Chicago, that somber city, has given the Catholic Church a pope, by way of Peru and Italy. Robert Francis Prevost’s life, like that of his church, has been nothing if not cosmopolitan, crossing borders and continents, spanning hemispheres. The Church, of course, is not only cosmopolitan but parochial as well, hewing to doctrines crafted more than a millennium ago by clerics a good deal less cosmopolitan than the crew that just anointed Prevost. The new pope, who’ll go by the name of Leo, brings to the job a background that’s pastoral, as was his predecessor’s. Whether that means Leo’s approach to humanity will be as inclusive as Francis’s, who didn’t let some of those ancient doctrines impede a more welcoming embrace to those who’d run afoul of some previously enforced thou-shalt-nots, remains to be seen. Even if Leo proves more orthodox in such matters than Francis, both his pastoral and globe-trotting histories suggest his brand of Catholicism won’t be anything like the just-us Catholicism of JD Vance. That may well mean that he will continue the Church’s tradition of elevating the global over the national, and also continue Francis’s affirmation of the rights of immigrants, which Francis made part of his Easter message just a few hours before he died.

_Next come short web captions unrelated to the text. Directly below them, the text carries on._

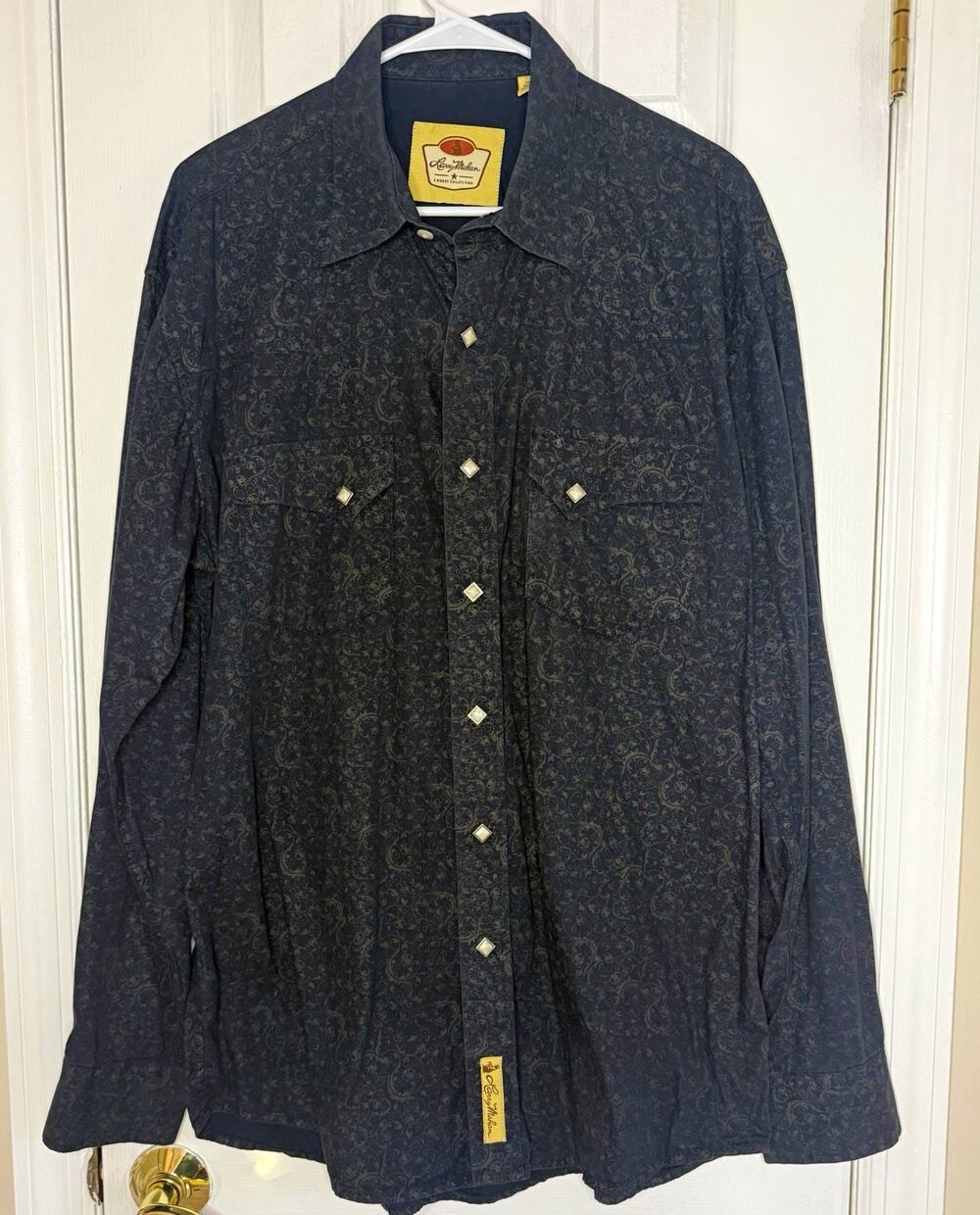 Larry Mahan Cowboy Collection Men's XL Blue Paisley Snap Western Shirt Pockets
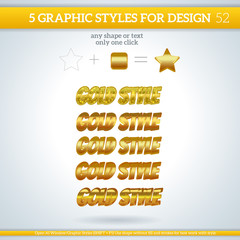 Set of Gold Graphic Styles for Design.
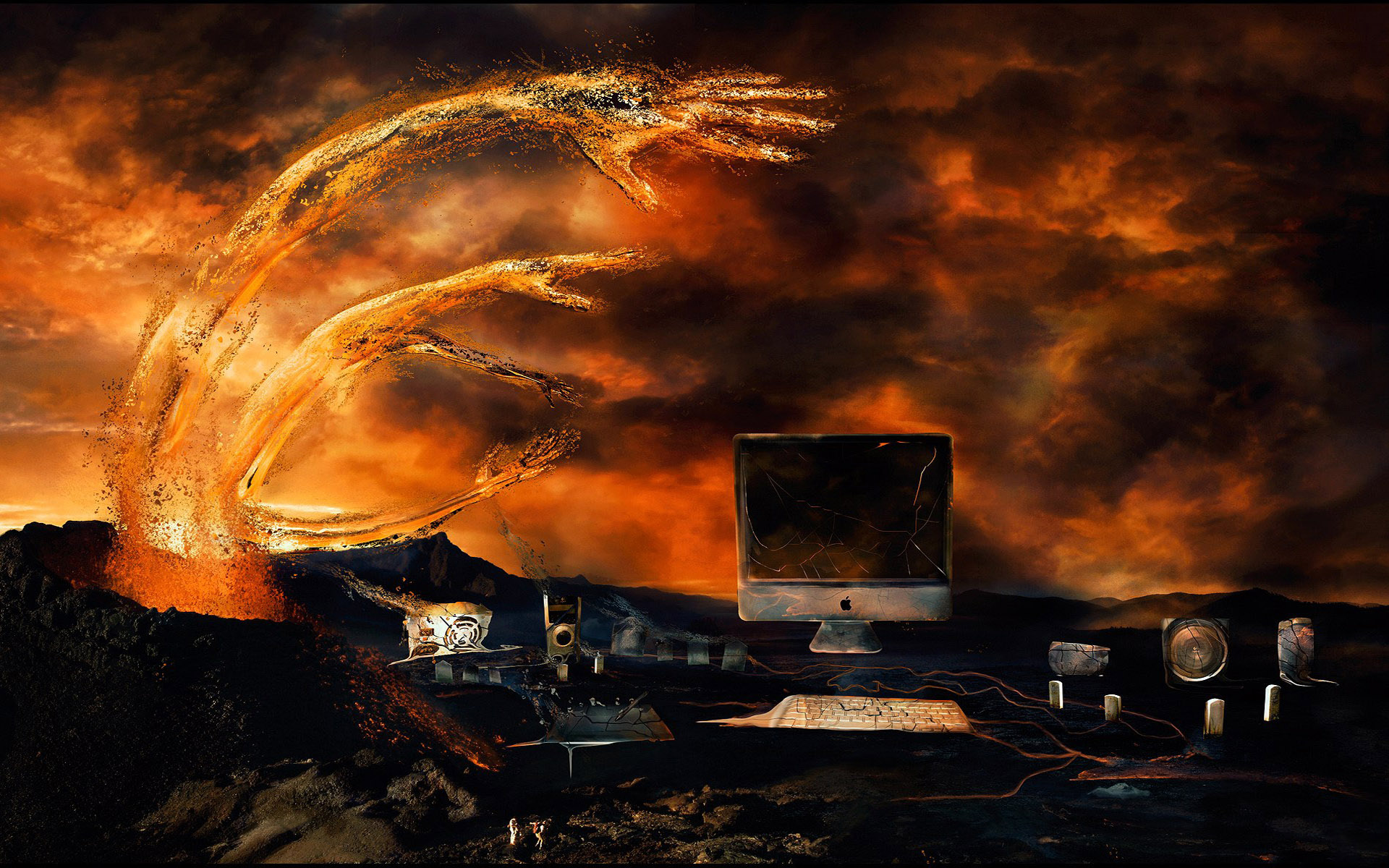 3D Fantasy Computer Volcano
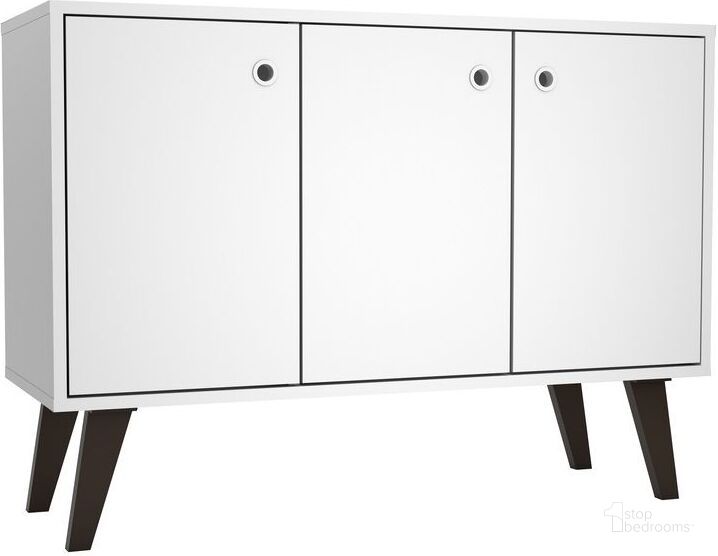 The appearance of Mid-Century - Modern Bromma 35.43 Inch Sideboard 2.0 With 3 Shelves In White designed by Manhattan Comfort in the transitional interior design. This white piece of furniture  was selected by 1StopBedrooms from Bromma Collection to add a touch of cosiness and style into your home. Sku: 155AMC200. Product Type: Sideboard. Material: MDP. Image1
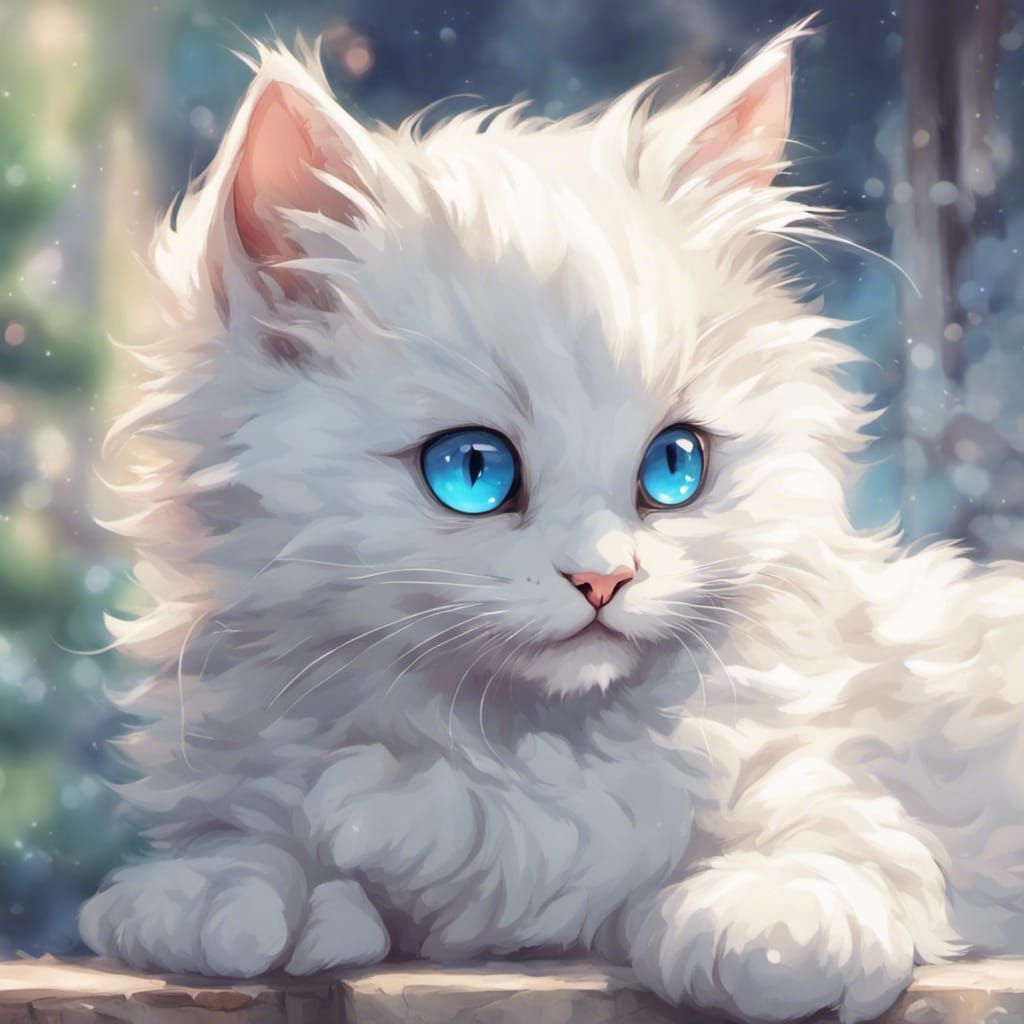 Anime Kitten with Blue Eyes in Manga Style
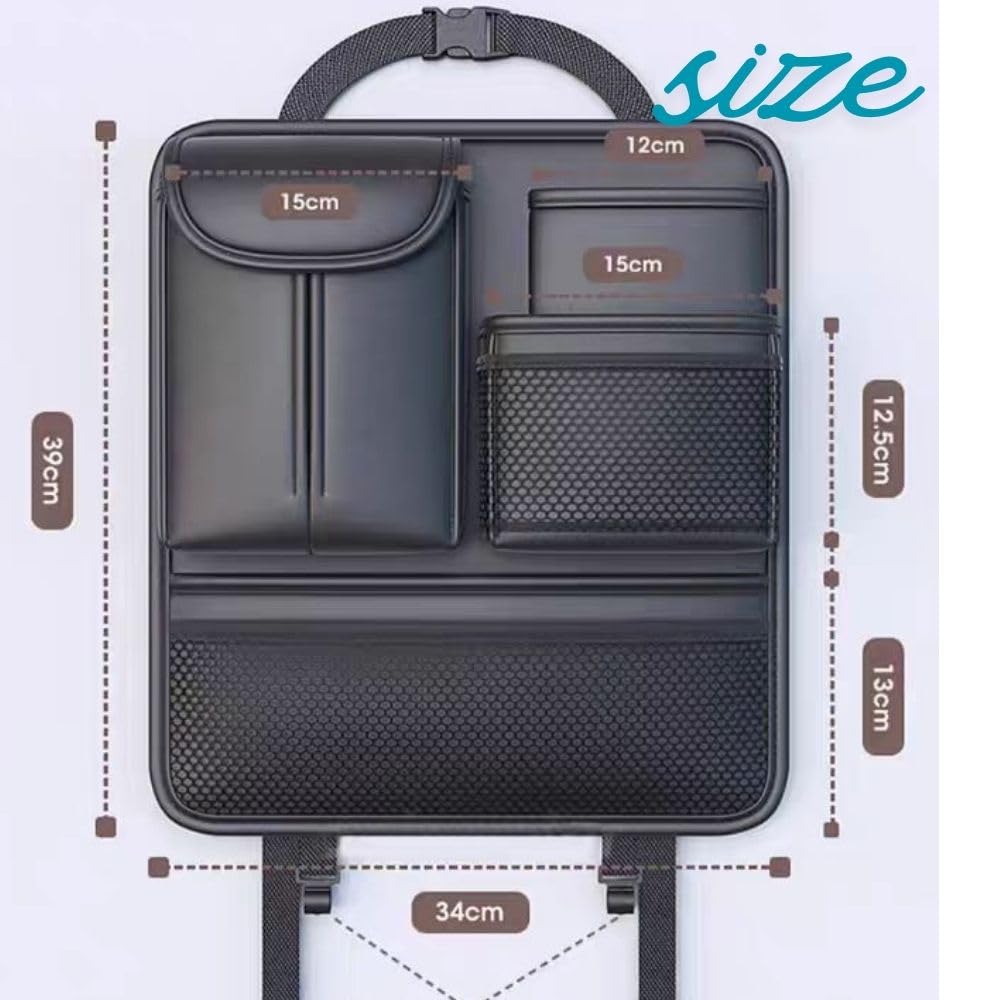 Car Seat Back Storage Large Easy Black One+lifestyle Pocket, Multifunctional, Capacity, Installation,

So, will the first American pope criticize the war on immigrants now being waged by the worst American president? And will it have any special resonance coming as it does from an American, Chicago-born, from one of the most polyglot of cities? Historically, the Church in America has periodically been divided over a multitude of issues, up to and including right now, when increasingly right-wing,
orthodox, and censorious priests are busily prompting more centrist and moderate and abuse-concerned Catholics to leave the Church. But if there’s one unifying through line in the American Church’s history, it’s support for immigrants. For much of its history, after all, the American Church—clergy and laity both—consisted not just of immigrants, but immigrants whom America’s Protestant majority degraded and despised: the Irish, then the Italians, then the Mexicans and Latin Americans. Most of that history may seem ancient to us today, but we should remember that our nation didn’t have a Catholic president until John F. Kennedy, who had to pledge he’d heed no Vatican communiqués in order to win election. For that matter, we’ve only had one more Catholic president (Joe Biden) since Kennedy.